The Amended Schedule A/B includes a security deposit of three thousand dollars as opposed to the six thousand dollars the Defendant said he thought it was at the § 341 Meeting. Id. at 34. The Defendant argues that while the security deposit is six thousand dollars, the deposit value is split fifty percent between him and his wife, resulting in the three-thousand-dollar deposit listed on the amended schedules. Def.'s Mot. To Dismiss Mem., 20, ECF No. 5-3. Accepting the Plaintiff's allegation as true, that the Defendant's deposit value is six thousand dollars, the complaint does not show or allege how the filing of the amended schedule was knowingly false. The Plaintiff also does not show how the misstated deposit rises to "an abuse of the bankruptcy system." Campbell, 2012 WL 360031, at *5. As the Trustee observed at the § 341 Meeting, where the Defendant said he thought the deposit was six thousand dollars, the deposit would be exempt. Pl.'s Decl. in Opp'n, Ex. A at 15 ¶¶ 12-16. The Plaintiff fails to plead how the difference in deposit amount, which would be exempt under either value, is an abuse warranting dismissal of a case. Pl.'s Compl. ¶¶ 33-4. ECF No. 1. Schedule J
The Plaintiff alleges that the Defendant's statements on his Schedule J are false, specifically under Part 2 - Ongoing Expenses, Item 4b - Renter's Insurance and Item 12 - Transportation. Pl.'s Compl. ¶¶ 34-5, ECF No. 1. In its complaint, all that the Plaintiff alleges is that "[u]pon information and belief, the Defendant's filed Schedule J, Expenses is knowingly false (i.e. part 2, 4b, and 12)." Id. at ¶ 35. Absent anything else to be said, solely a statement that "[u]pon information and belief" the items on the schedule, which is a sworn statement by the Defendant, are "knowingly false," is nothing more than "legal conclusions masquerading as factual allegations." Bishop v. Lucent Technologies, Inc., 520 F.3d 516, 519 (6th Cir. 2008) (citing Mezibov v. Allen, 411 F.3d 712, 716 (6th Cir. 2005)); Pl.'s Compl. ¶ 35, ECF No. 1.

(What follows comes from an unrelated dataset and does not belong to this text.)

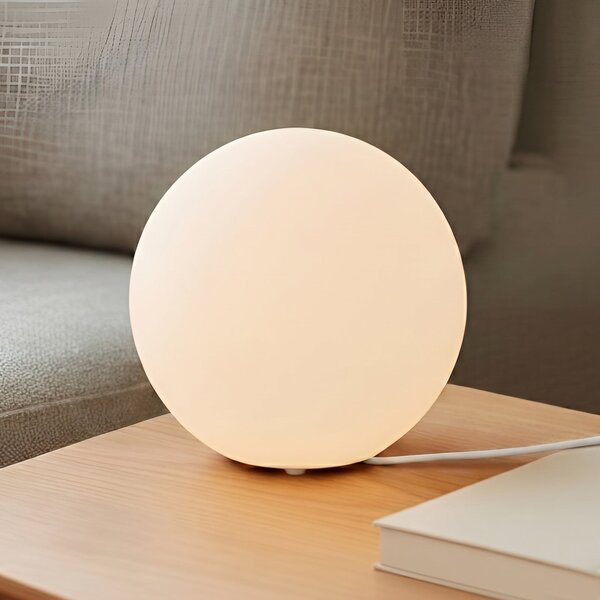 Lindby Lampă de masă Marike, alb, sticlă, glob, Ø 25 cm, E27, Alb, Camera de zi / sufragerie, Sticlă, Modern, Masă alt tip de masă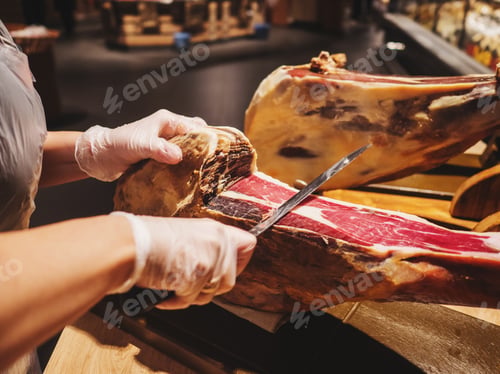 Preview: Pork leg. Jamon meat close up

The Plaintiff argues that the Item 4b - Renter's Insurance amount listed on the Schedule is false. Pl.'s Compl. ¶ 35, ECF No. 1. The Plaintiff bases this claim on the § 341 Meeting testimony where the Defendant responded that he was unsure of the insurance amount and that his wife knew. Pl.'s Decl. in Opp'n ¶ 24, ECF No. 6. The Plaintiff also claims that the Item 12 -Transportation amount included on the Schedule and testified to at the § 341 Meeting is "seemingly high." Id. at ¶ 23. The Plaintiff finds fault in the Defendant's statement that the transportation expenses were an estimate while he understood that the information to be provided at the § 341 Meeting should be accurate. Id. The Plaintiff offers no facts that, accepted as true, tend to plausibly show that the Defendant falsely stated the renter's insurance on Schedule J. Pl.'s Compl. ¶ 35, ECF No. 1.
The observation that the Defendant claimed that his transportation expenses were an estimate does not support a showing of false testimony. Part 2 of Schedule J itself instructs one to "Estimate Your Ongoing Monthly Expenses." Amended Schedules, at 16 - 17, Pet. 18-36301-cgm, ECF No. 80. Based on the filed Schedule J, removing the Items 4b and 12 expenses ($165 and $427.50, respectively) in totality would still leave the Defendant with a negative monthly income of -$709.75. Id. The Defendant would still be incapable of funding a Chapter 13 plan. The Plaintiff failed to show that any of the alleged "false oaths and accounts" were indeed plausibly false, and if so that they rose to "an abuse of the bankruptcy system." Campbell, 2012 WL 360031, at *5; Pl.'s Compl. ¶ 35, ECF No. 1. § 341 Meeting Testimony
The Plaintiff may argue that its allegation of "false or misleading testimony" at the § 341 Hearing is not a separate allegation and only refers to the issues of the security deposit and Schedule J. If not, this one allegation is the only time the Plaintiff mentions it in its complaint. In the complaint, the Plaintiff never states what, if any, other statements from the Defendant's Testimony it considers to be false or misleading. This statement of "false or misleading" testimony is a legal conclusion without any factual support. As pled, the Plaintiff has alleged no facts that would allow the court to draw the reasonable inference that the Defendant did in fact give false testimony. Iqbal, 556 U.S. at 678, Pl.'s Compl., ¶ 51, ECF No. 1.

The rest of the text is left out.